5. Wasatch Crest Trail /Park City, Utah
Moab, Moab, Moab….Yes, everyone should go there at least once in their lives. Great scenery, neat bike shops, good coffee and so on. But honestly, there are plenty of places in Utah I’d go to instead of Moab, including Gooseberry Mesa, Brian Head, Deer Valley (yeah, the resort…it’s great). I’m a big fan of aspens and ridgeline trails, so for my money, I’d hit the Wasatch Crest Trail—a technical 18.5-mile out and back. It’s also a fairly short drive from Salt Lake City. Works for me.
6. The Colorado Trail/Colorado
Look, you could easily argue that the 10 best trails in the country reside in this state alone, so instead of debating whether Crested Butte’s 409 Trail is better or worse than Steamboat’s Emerald Mountain Trail, I’ll take the easy route and pick the 70-mile section of the Colorado Trail, flowing from Molas Pass to Durango (the entire trail stretches 468 miles form Denver to Durango). It’ll rip the lungs from your chest, it takes up to four days to complete it…It’s a thousand Hallmark moment meets saddle-sore hell. It’s what we all dream of.
7. Womble Trail/Lake Ouachita, Arkansas
One of the best-built trails in the country (you can thank FDR and the Conservation Core for this one) is also one of the least-ballyhooed. Trust me, though, this 29-mile singletrack is the stuff of dreams. Buff, sinewy Ozark mountain singletrack..hell, I’ve run out of trail adjectives at this point, but you get the picture, right? It’s a fair hump from Little Rock (about 90 miles), but it’s worth it. An added plus: you’ll probably have it all to yourself. Not a ton of traffic on this one.

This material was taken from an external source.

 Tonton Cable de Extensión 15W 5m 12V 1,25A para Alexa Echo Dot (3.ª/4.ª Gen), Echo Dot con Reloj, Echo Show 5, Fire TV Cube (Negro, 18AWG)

8. Trace Ridge/Pisgah National Forest, North Carolina
A lot of people bitched at me about picking Tsali over Pisgah in the Best Trails feature. I picked Tsali because we’d already selected a ton of technical trails and there’s something to be said for a fast, middle-ring rollercoaster of a ride, but if you like you’re riding technical, rocky and eroded, you can forget all about Tsali and head over to Pisgah. Pisgah has the goods. I’m loathe to pick a favorite. Take a few days off and ride Trace Ridge, Wilson Ridge and Black Mountain trails. Bring some Bactine and Band-Aides. You’ll need them.

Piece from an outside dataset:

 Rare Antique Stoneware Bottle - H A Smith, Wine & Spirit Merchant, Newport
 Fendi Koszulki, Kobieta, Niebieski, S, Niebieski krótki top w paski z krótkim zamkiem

9. Big Chair/Ithaca, New York
If I didn’t have so much family over here in Northern California, I might have moved to Ithaca for good. For three years (while I lived in Buffalo), this was my favorite place to ride. Big Chair is one of the many rides over in Hammond Hill (a short drive from town). It’s fairly remote, it’s heavily wooded, it’s twisty and it’s full of short, mellow climbs and outrageously fun descents.
This is western New York, so there are also a ton of fallen trees and log-overs to hop over. Overall, though, it’s just a ton of good, cross-country singletrack. If you find Big Chair too easy, you can cross the road and ride Area 51 (it was still there the last time I rode the place, anyway): a playground of shore-style ladder bridges. Get your freeride on, if that’s your bag.
10. Sun Top Loop/Seattle (kinda-sorta), Washington
16-miles of roller coaster singletrackin’. Sweeping vistas of mighty Mount Rainier. Scary, wet, fast and root-infested, white knuckle descents paired with long, lung-searing climbs (3,200-feet of altitude gain). What else is there to say? This is simply one of the best rides in Pacific Northwest. I’d write more, but I need to stop, get up and make some coffee.